Reproduce the entire listing exactly as written, apart from its pictures.

* [Data for the task]
§ §
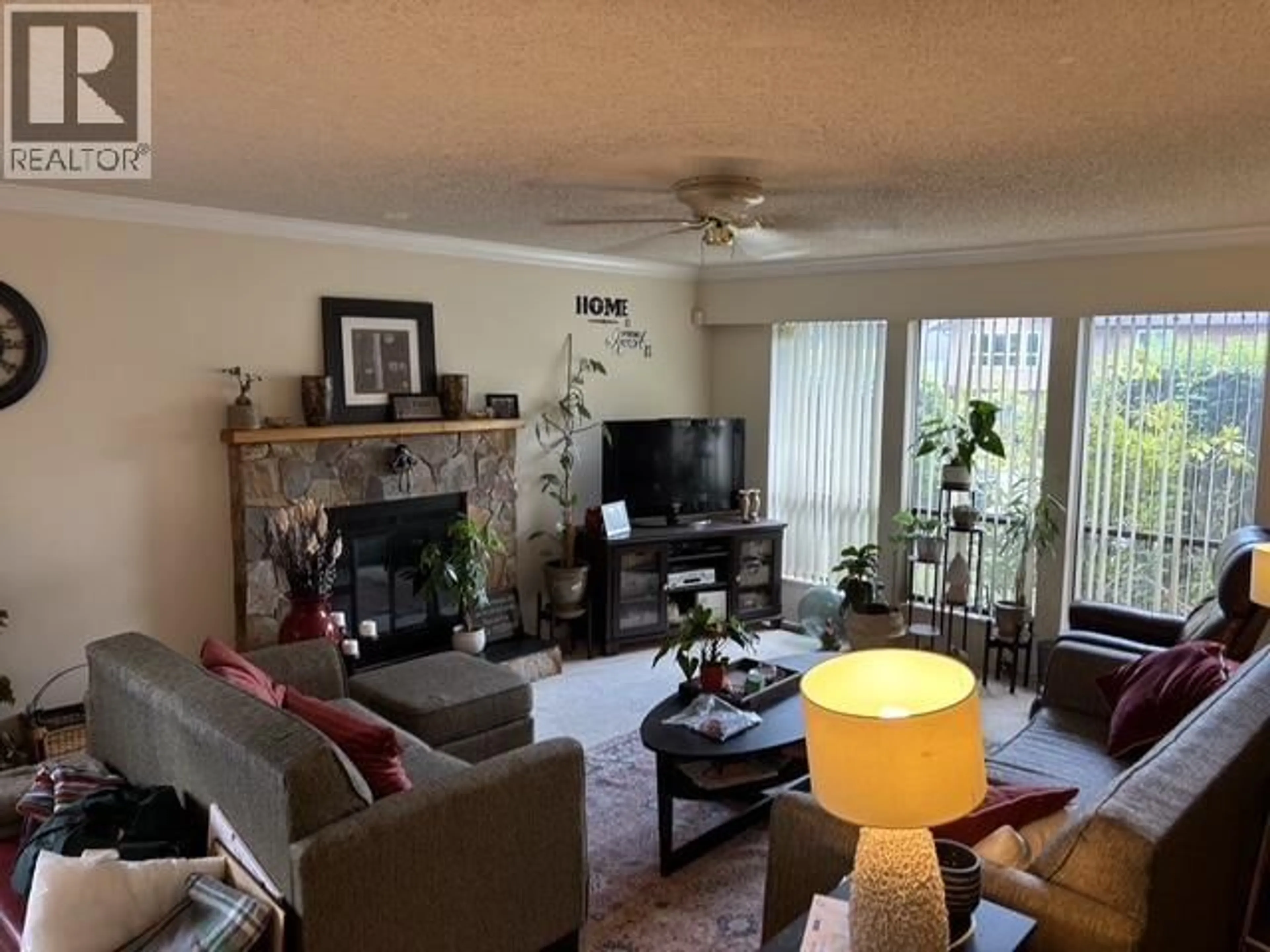 Living room with furniture, unknown for 11786 212 STREET, Maple Ridge British Columbia V2X8P9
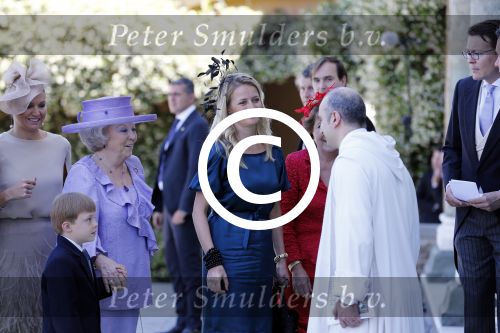 Florence 16 juni 2012
Trouwen Prinses Carolina de Borbon Parma en Albert Brenninkmeijer in de basilica di san Miniato al Monte. Koningin Beatrix met Prinses Mabel Wisse Smit Maxima en prins Claus Cazimir
Peter Smulders bv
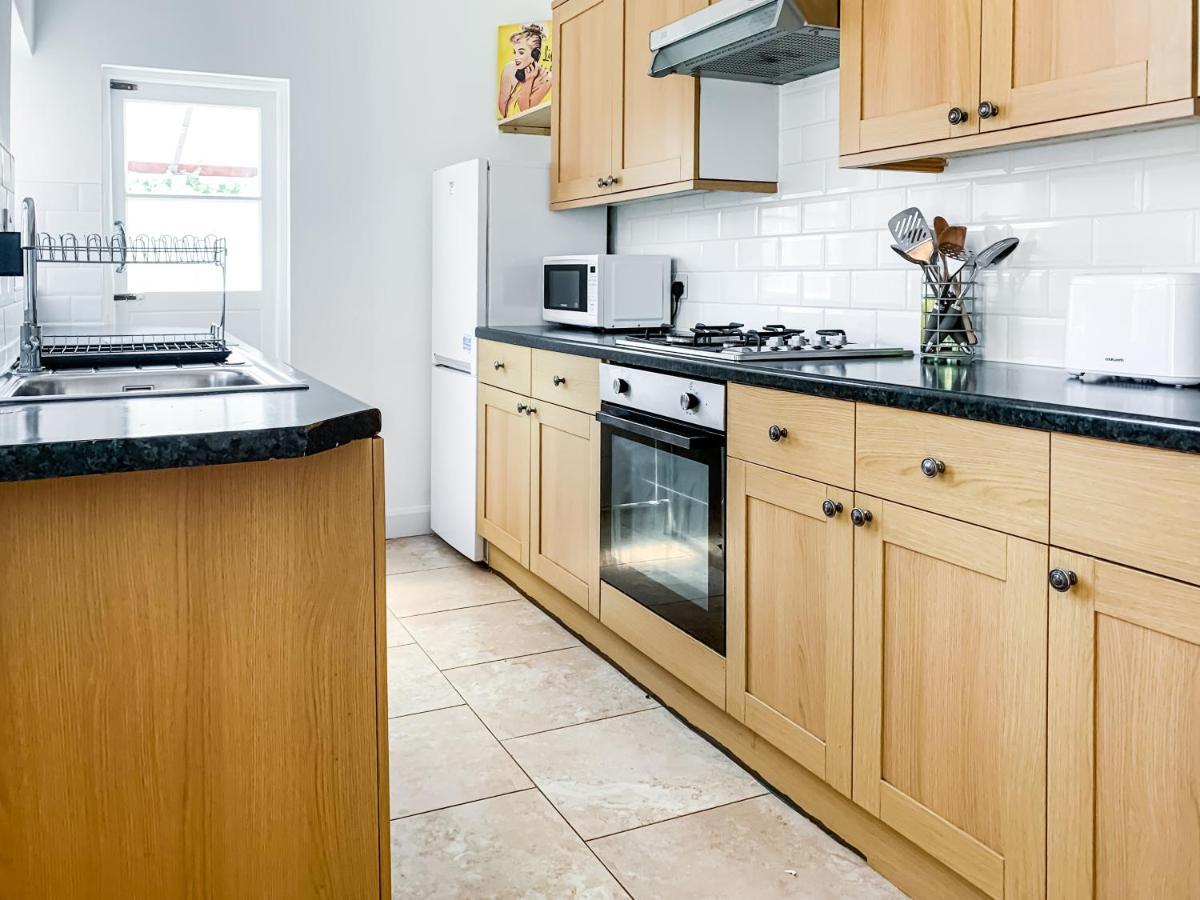 Waverley Lodge - Quaint Victorian Home With Free Parking York Bagian luar foto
§ §
* [Answer section]
 Living room with furniture, unknown for 11786 212 STREET, Maple Ridge British Columbia V2X8P9
 Florence 16 juni 2012
Trouwen Prinses Carolina de Borbon Parma en Albert Brenninkmeijer in de basilica di san Miniato al Monte. Koningin Beatrix met Prinses Mabel Wisse Smit Maxima en prins Claus Cazimir
Peter Smulders bv
 Waverley Lodge - Quaint Victorian Home With Free Parking York Bagian luar foto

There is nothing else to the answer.